Range to output from the entries below: the line containing "Plus size model" through the line containing "CHANEL 26S CHANEL". Set it down exactly, ends included, nothing else.

=== Data in this exercise ===

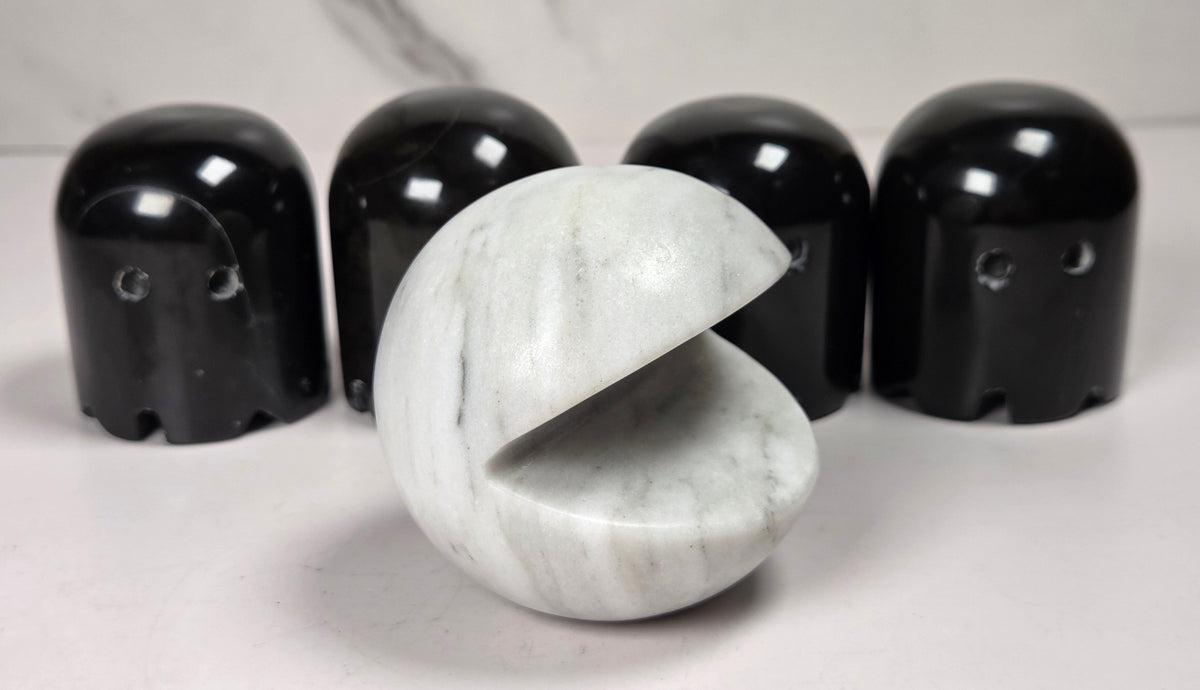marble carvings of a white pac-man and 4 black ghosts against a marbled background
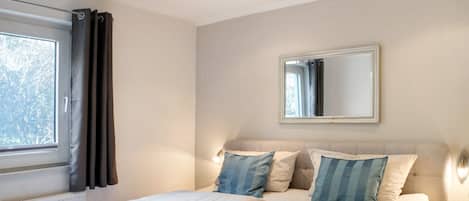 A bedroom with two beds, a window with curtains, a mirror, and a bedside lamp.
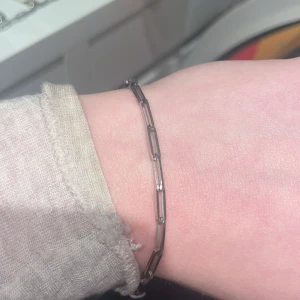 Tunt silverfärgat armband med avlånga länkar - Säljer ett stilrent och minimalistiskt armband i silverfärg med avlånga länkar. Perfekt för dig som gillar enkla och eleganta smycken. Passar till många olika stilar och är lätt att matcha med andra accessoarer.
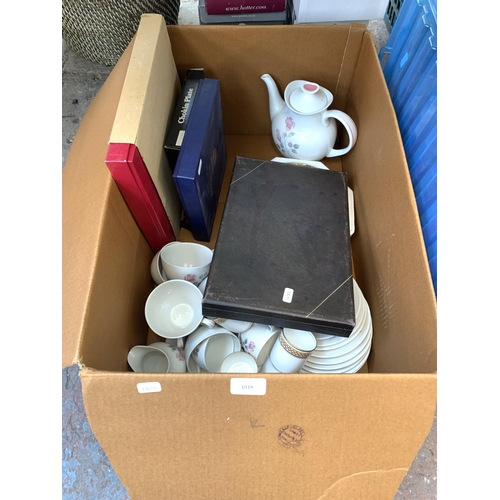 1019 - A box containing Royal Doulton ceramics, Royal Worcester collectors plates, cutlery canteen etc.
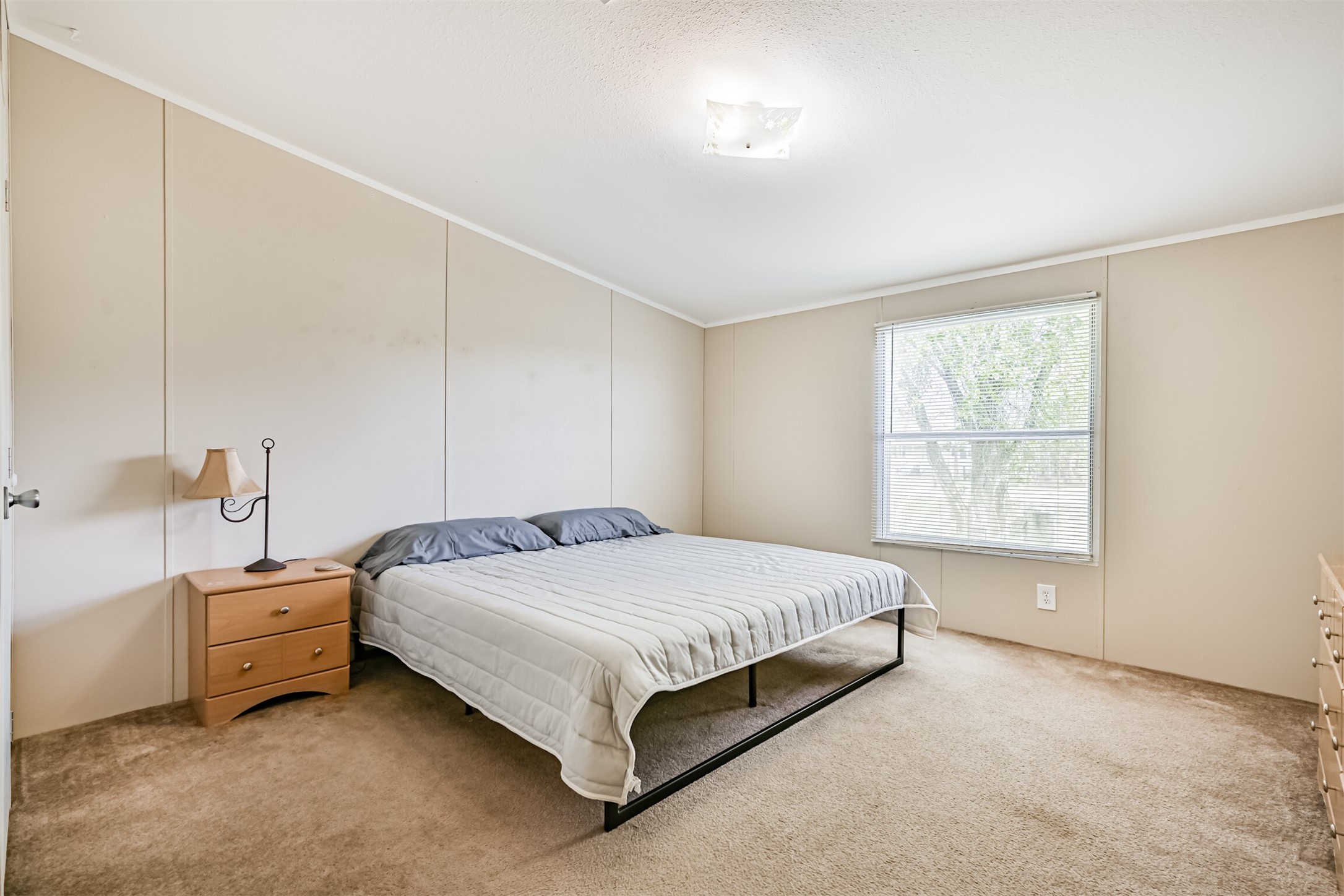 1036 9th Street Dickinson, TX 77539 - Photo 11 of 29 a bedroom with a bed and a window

===
=== Data in this exercise ===

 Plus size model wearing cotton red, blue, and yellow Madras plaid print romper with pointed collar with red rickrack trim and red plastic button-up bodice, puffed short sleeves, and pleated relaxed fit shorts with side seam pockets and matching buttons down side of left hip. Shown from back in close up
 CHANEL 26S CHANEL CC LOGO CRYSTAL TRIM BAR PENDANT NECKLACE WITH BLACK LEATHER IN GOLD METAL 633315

===

# Written response
 Plus size model wearing cotton red, blue, and yellow Madras plaid print romper with pointed collar with red rickrack trim and red plastic button-up bodice, puffed short sleeves, and pleated relaxed fit shorts with side seam pockets and matching buttons down side of left hip. Shown from back in close up
 CHANEL 26S CHANEL CC LOGO CRYSTAL TRIM BAR PENDANT NECKLACE WITH BLACK LEATHER IN GOLD METAL 633315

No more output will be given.